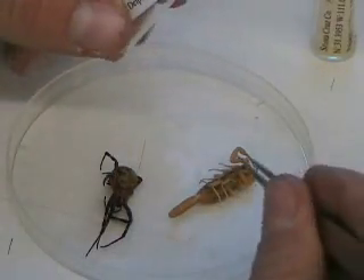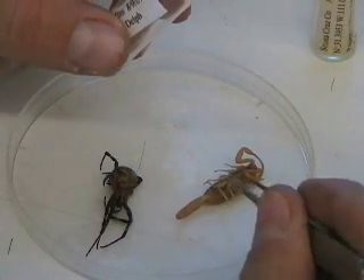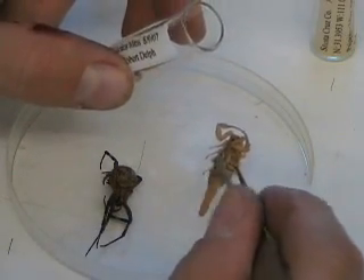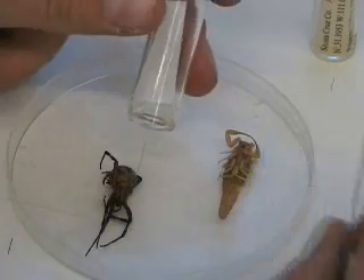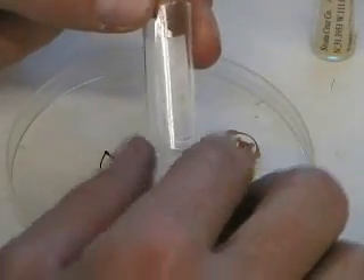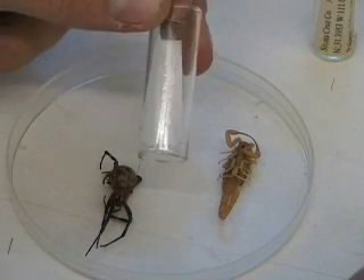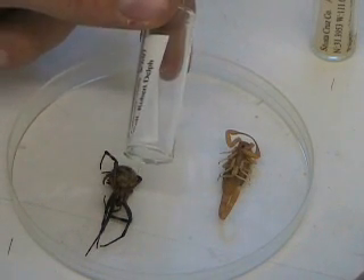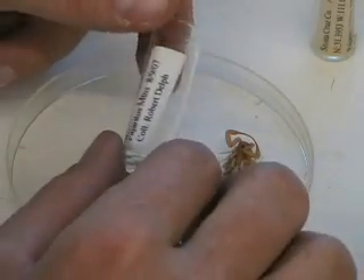Here's a scorpion. This is a bark scorpion, Centruroides exilicauda. I'm going to take the scorpion, and you want to make sure you have a vial that is about equal to the size of the specimen. You don't want to overkill — you don't want a very large vial for a very small specimen. This saves space and money.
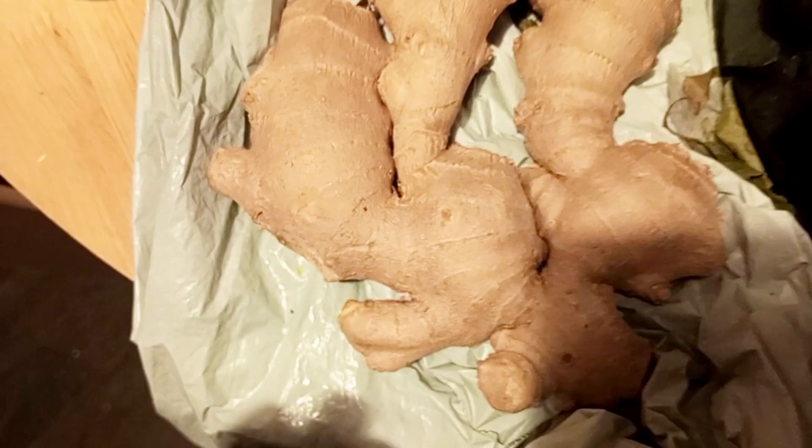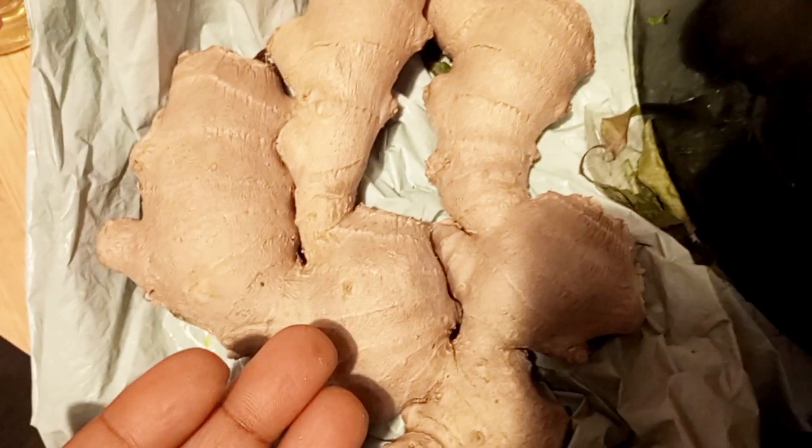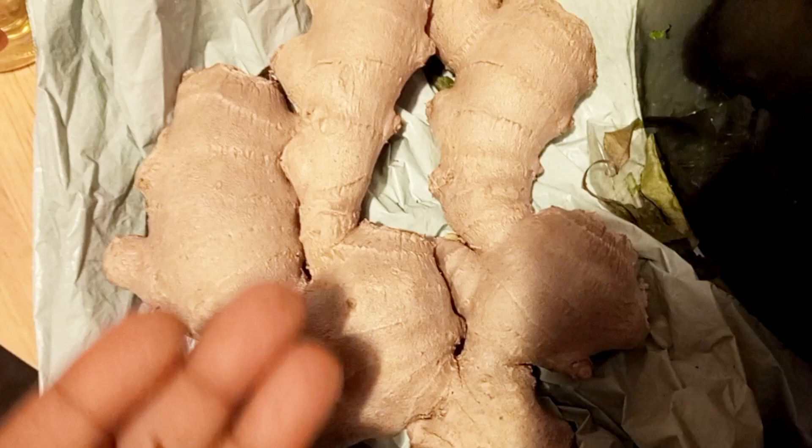I'm going to be making a thick mint and growth butter, and I'll be using ginger and cloves.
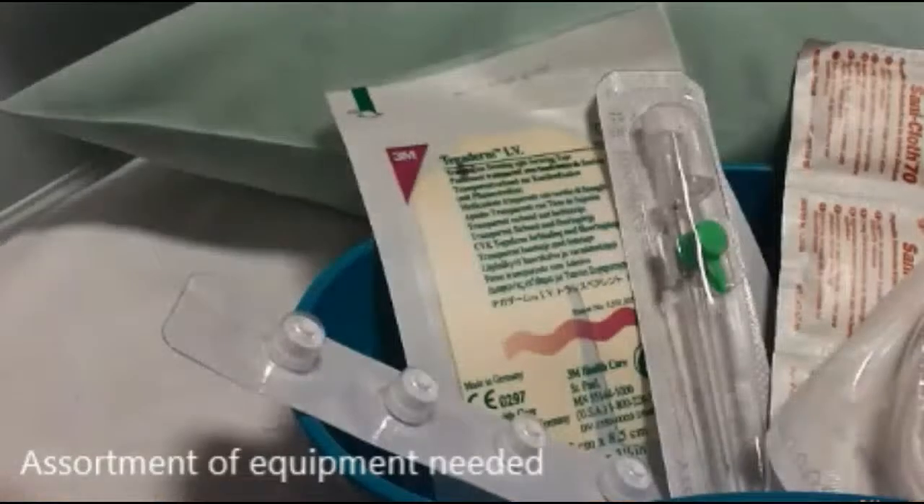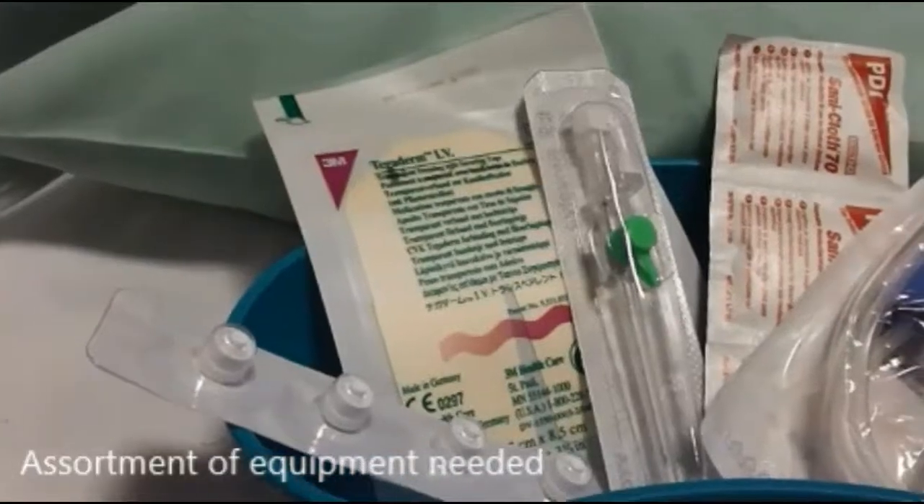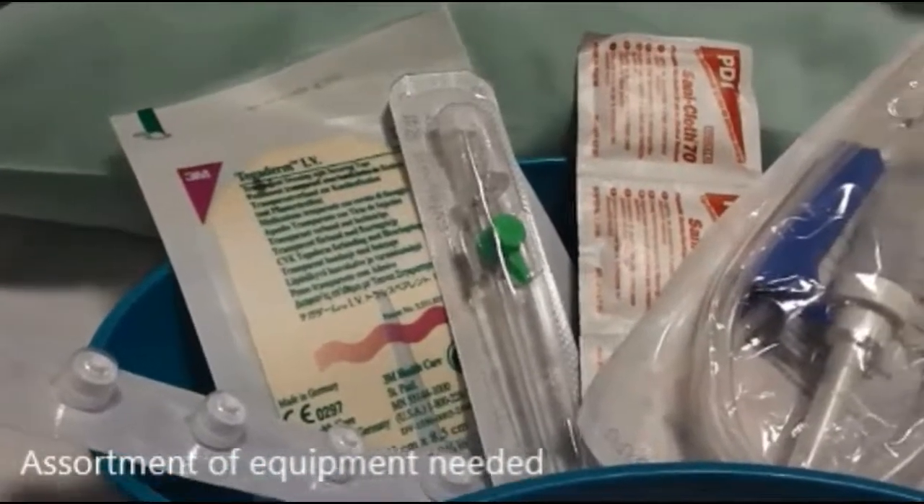There's an assortment of equipment you need: alcohol gel, gloves, alcohol wipes, tourniquet, IV cannula, giving set, suitable plaster, syringe, saline, and a sharps bin.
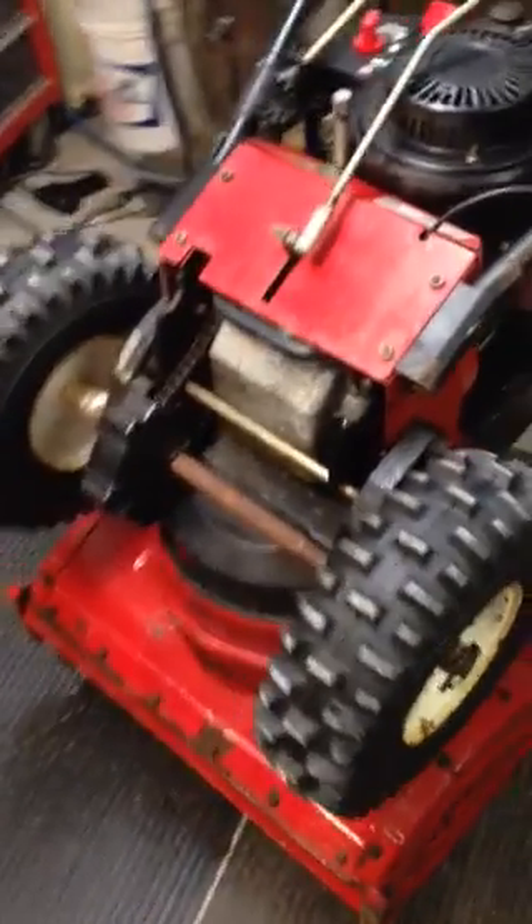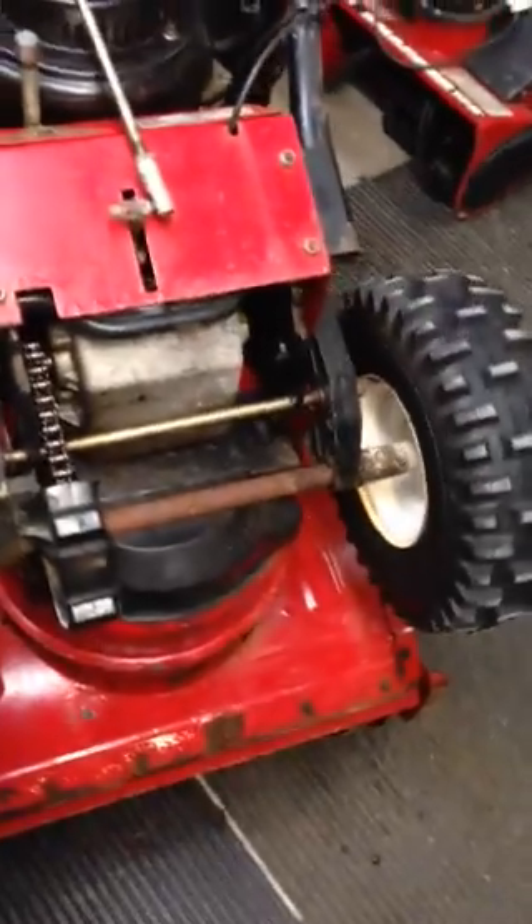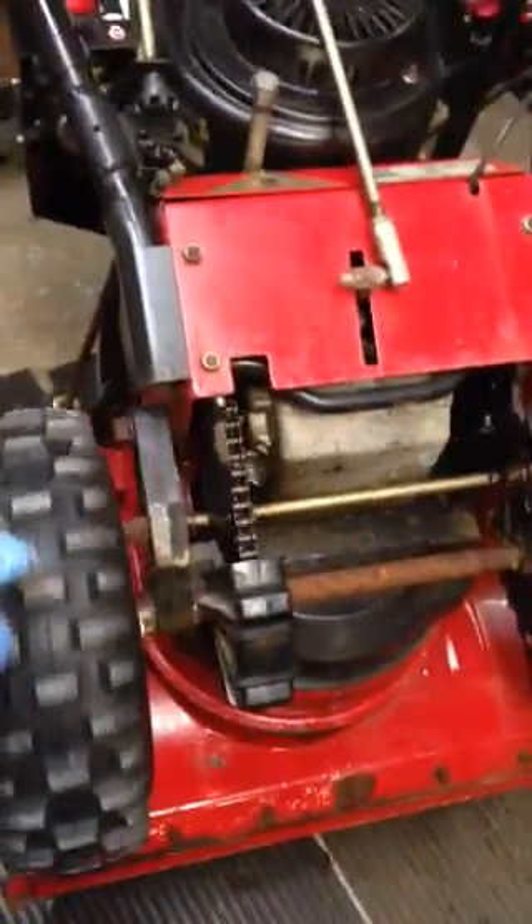You may ask sometimes why only one wheel of your snowblower is turning — one is free spinning. This is why.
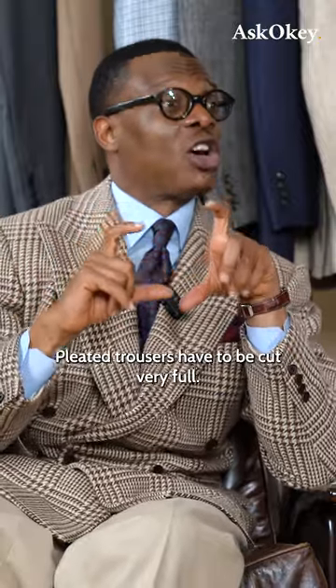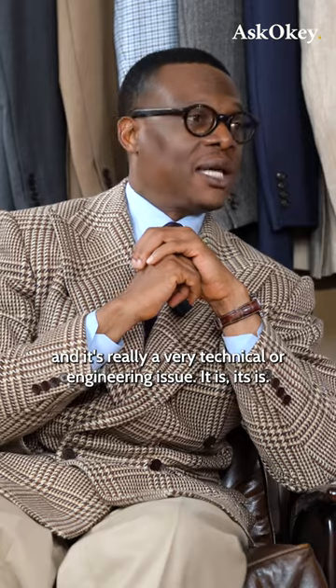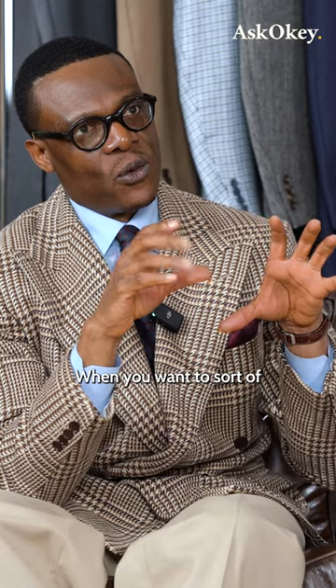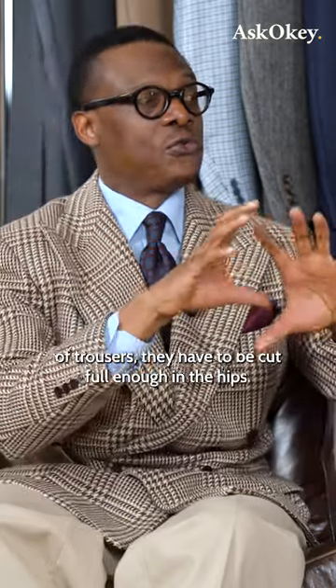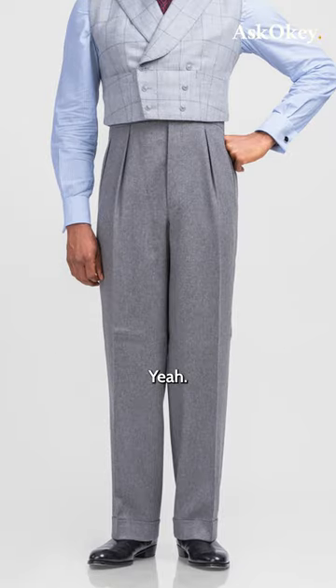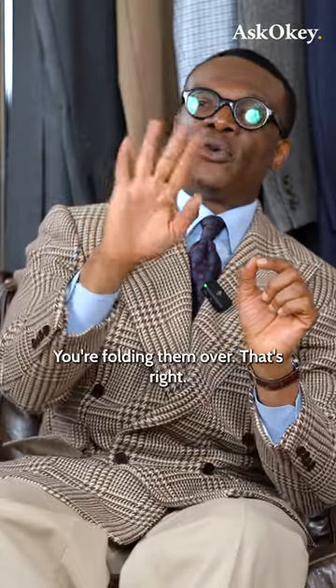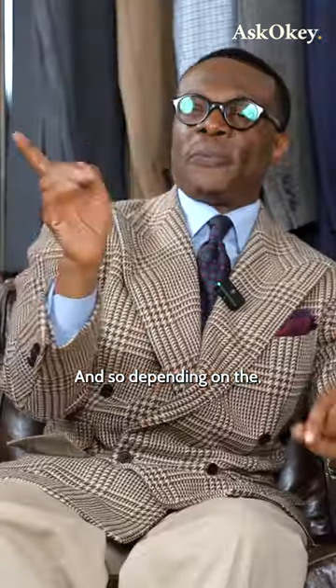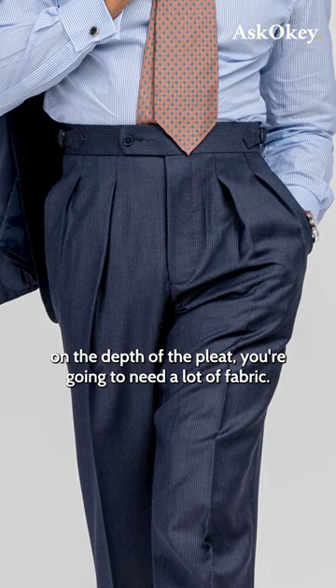Pleated trousers have to be cut very full, and it's really a very technical or engineering issue. When you want to include pleats in a pair of trousers, they have to be cut full enough in the hips. Because think about it, pleats are a piece of cloth — you're folding them over. And so depending on the depth of the pleat, you're going to need a lot of fabric.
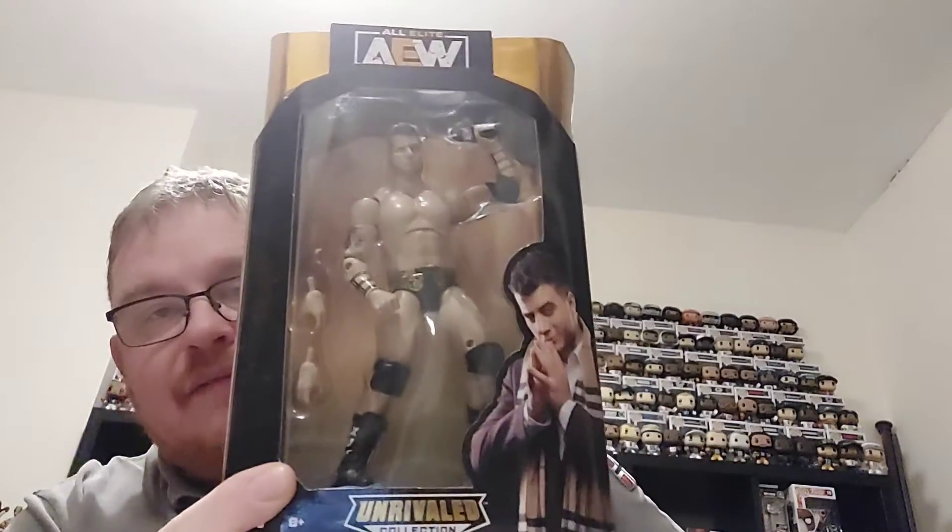Hi guys and welcome back to the channel. So in today's video it's Action Figure Friday, which means there is another AEW figure incoming. We are finishing off series 6, which gives me a complete series 1 to 7, with a couple of series 8 still to track down. I have picked up the series 6 MJF — quite cheap off eBay, I don't think I paid even a tenner for this one. We'll get into it and have a good look at the MJF figure, which comes with a microphone as you would expect.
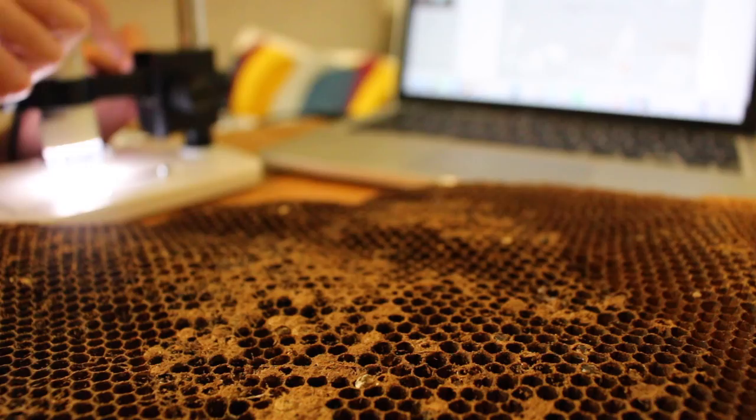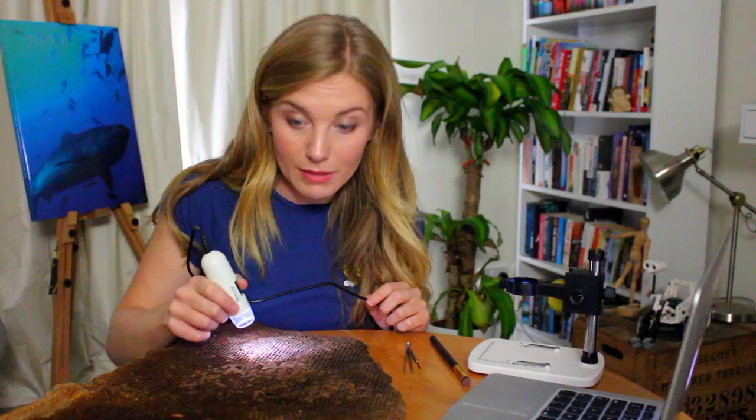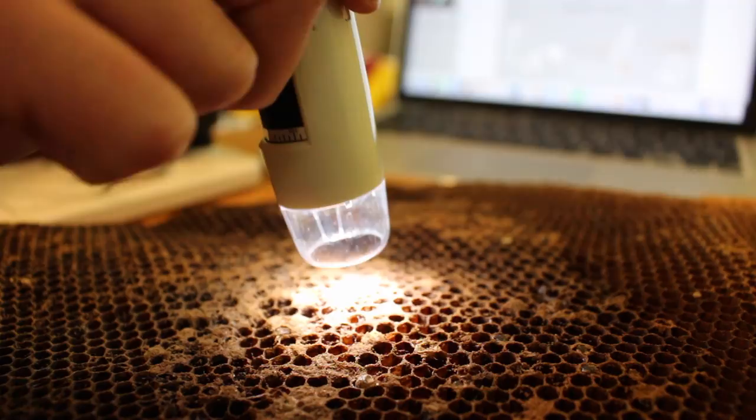Okay, all set up and ready to go — we've got our laptop, the special camera, our wax comb, and a couple of tools as well. What's great is my special camera is a handy little torch too, so let's see what we can find.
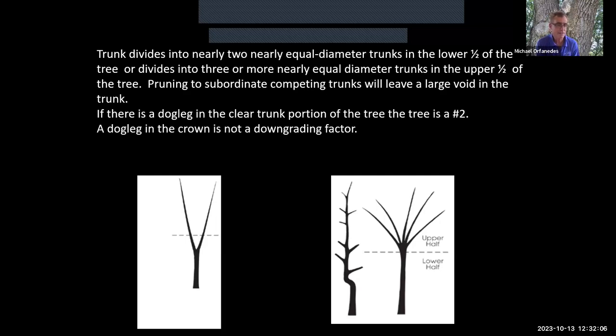Another reason to downgrade to Number Two is a dog leg — a deviation in the clear trunk zone whose offset is greater than the trunk diameter at the point where the offset occurs. Dog legs in the canopy are not penalized, only in the clear trunk zone. Also, three or more nearly equal diameter trunks in the upper half of the tree make it a Number Two. A Cull has an incredibly misshapen leader or multiple co-dominant trunks in the lower half.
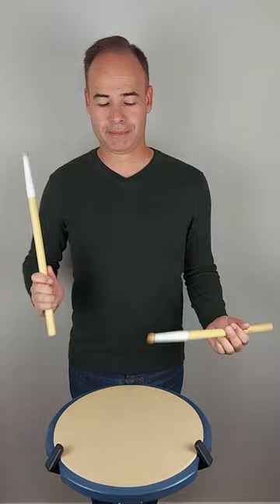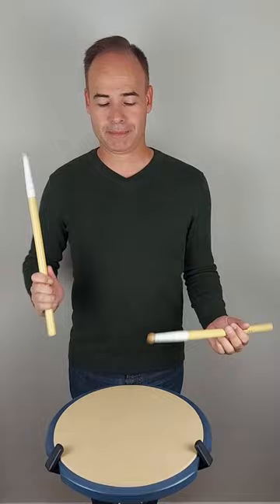So if you play a lot of buzz rolls in your repertoire, this is going to be really helpful for you. The practice pad is also louder, making it ideal for playing along with friends and for shooting videos.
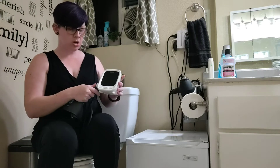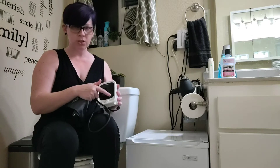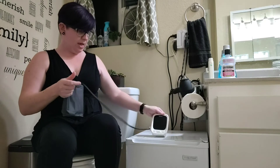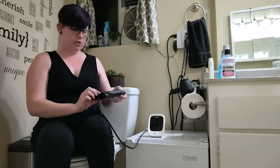It will also say out loud what your readings are. So if you are vision impaired and have a hard time reading the numbers, it's going to say it out loud so you can see and hear your readings and know whether they are normal or not.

━━━━

**Requirement**.
Once you find the line containing "Okay, all set", transcribe it and each line after it to the end of the records exactly, and leave out the pictures.

**Exercise result**.
Okay, all set up and ready to go — we've got our laptop, the special camera, our wax comb, and a couple of tools as well. What's great is my special camera is a handy little torch too, so let's see what we can find.
Another reason to downgrade to Number Two is a dog leg — a deviation in the clear trunk zone whose offset is greater than the trunk diameter at the point where the offset occurs. Dog legs in the canopy are not penalized, only in the clear trunk zone. Also, three or more nearly equal diameter trunks in the upper half of the tree make it a Number Two. A Cull has an incredibly misshapen leader or multiple co-dominant trunks in the lower half.
So if you play a lot of buzz rolls in your repertoire, this is going to be really helpful for you. The practice pad is also louder, making it ideal for playing along with friends and for shooting videos.
It will also say out loud what your readings are. So if you are vision impaired and have a hard time reading the numbers, it's going to say it out loud so you can see and hear your readings and know whether they are normal or not.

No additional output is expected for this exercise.